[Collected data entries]

########################################

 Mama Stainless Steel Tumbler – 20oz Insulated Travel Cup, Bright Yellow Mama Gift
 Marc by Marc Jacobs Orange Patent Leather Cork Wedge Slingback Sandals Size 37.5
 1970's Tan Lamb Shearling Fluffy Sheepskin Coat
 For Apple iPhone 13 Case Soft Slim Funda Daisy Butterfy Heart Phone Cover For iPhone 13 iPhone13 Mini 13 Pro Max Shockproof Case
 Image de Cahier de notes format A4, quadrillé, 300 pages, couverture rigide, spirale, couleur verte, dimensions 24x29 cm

########################################

**What is being asked:** Print every line of the records exactly. Omit nothing.

**Exercise response:**
 Mama Stainless Steel Tumbler – 20oz Insulated Travel Cup, Bright Yellow Mama Gift
 Marc by Marc Jacobs Orange Patent Leather Cork Wedge Slingback Sandals Size 37.5
 1970's Tan Lamb Shearling Fluffy Sheepskin Coat
 For Apple iPhone 13 Case Soft Slim Funda Daisy Butterfy Heart Phone Cover For iPhone 13 iPhone13 Mini 13 Pro Max Shockproof Case
 Image de Cahier de notes format A4, quadrillé, 300 pages, couverture rigide, spirale, couleur verte, dimensions 24x29 cm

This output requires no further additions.